Over the last decade, biomedical HIV prevention has been at the forefront of ending the epidemic. In 2010, a randomized controlled trial found that pre-exposure prophylaxis (PrEP) reduced the risk of becoming infected with HIV among men who have sex with men (MSM). Since then, many studies found that when taken daily as prescribed, PrEP is 99% effective in reducing HIV transmission via sex. In 2012, the FDA approved the use of Truvada for PrEP. Two years ago, the U.S. Preventive Services Task Force (USPSTF) recommended that clinicians offer daily oral PrEP to all people at high risk of acquiring HIV.

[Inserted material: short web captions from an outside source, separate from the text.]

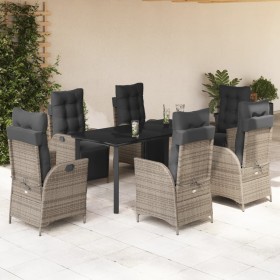 7-teiliges Garten-Esszimmerset und Kissen synthetisches Rattangrau von , Gartensets - Ref: Foro24-3213431, Preis: 967,99 €, R...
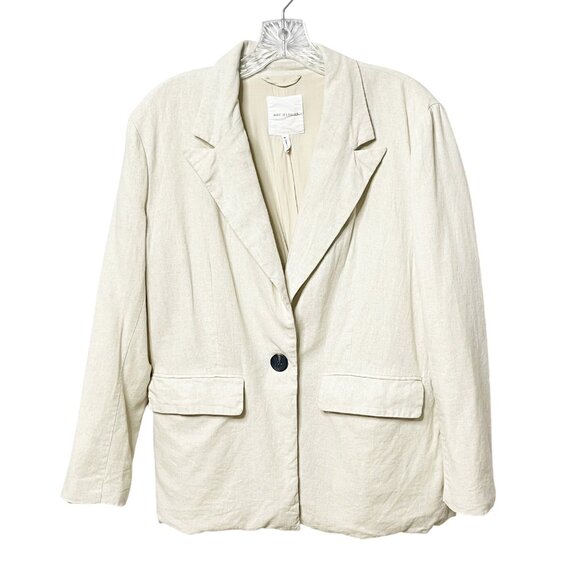 AVEC LES FILLES Boyfriend Linen Blazer in Natural Women’s Size Medium - Picture 2 of 10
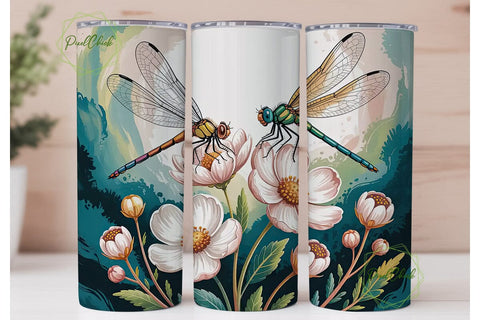Dragonfly Garden 20oz Tumbler Wrap Sublimation PixelChick 
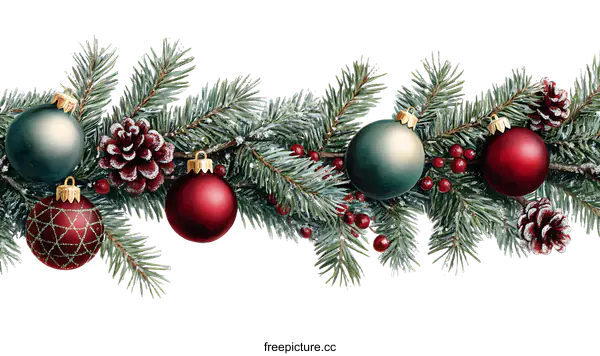 [Transparent Background PNG]Christmas Garland with Ornaments and Pine Cones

We reflect to acknowledge all that we have accomplished, but reflection must also include discovering where we have fallen short and find ways to strengthen our efforts moving forward. Though there have been many scientific and technological advancements in preventing and treating HIV, these advancements are not effective if they are not reaching the people who need it most. It is imperative that the fight against HIV also includes eradicating stigma, discrimination, prejudice, and health and racial inequities. Black communities; specifically Black gay, bisexual, and other men who have sex with men (GBM); are disproportionately impacted by HIV. The reasons for the disparity are less about differences in behavior and more about Black communities experiencing poverty, lack of health insurance, limited access to affordable housing, and stigma which hinders them from accessing and having knowledge about HIV prevention and care resources and services. Health programs that address these barriers are essential in order to increase access to quality HIV prevention and care among these communities and better their health outcomes.

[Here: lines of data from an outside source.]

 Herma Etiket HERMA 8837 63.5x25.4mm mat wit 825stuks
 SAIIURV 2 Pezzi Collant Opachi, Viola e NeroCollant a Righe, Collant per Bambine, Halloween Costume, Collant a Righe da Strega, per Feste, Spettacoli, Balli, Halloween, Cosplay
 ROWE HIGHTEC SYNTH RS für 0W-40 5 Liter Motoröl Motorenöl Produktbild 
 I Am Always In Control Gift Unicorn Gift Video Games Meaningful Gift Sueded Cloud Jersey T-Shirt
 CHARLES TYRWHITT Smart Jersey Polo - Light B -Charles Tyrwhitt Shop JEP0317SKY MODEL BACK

As we reflect on our past, we must also look towards the future. The Department of Health and Human Services (HHS)’s HIV National Strategic Plan (HIV plan)’s goal is to end the HIV epidemic in the U.S. by 2030. The HIV Plan covers 2021-2025, with a 10-year goal of reducing new HIV infections by 90% by 2030. NASTAD is committed to working toward this goal with the same commitment and dedication it has displayed over the last 30 years. The 40th anniversary of the first reported cases of AIDS falls on the same year as NASTAD’s 30th anniversary. Over the last 30 years, NASTAD has been steadfast in the fight against HIV by providing HIV prevention, care, treatment, and policy resources and services. Since its inception, it has worked to strengthen public health infrastructure and address systemic inequities in order to end the intersecting epidemics of HIV and related conditions.

From 1981 to 2021, the fight against HIV has evolved and shown huge strides of progress. We must continue the momentum and push forward in order to see a world free of HIV.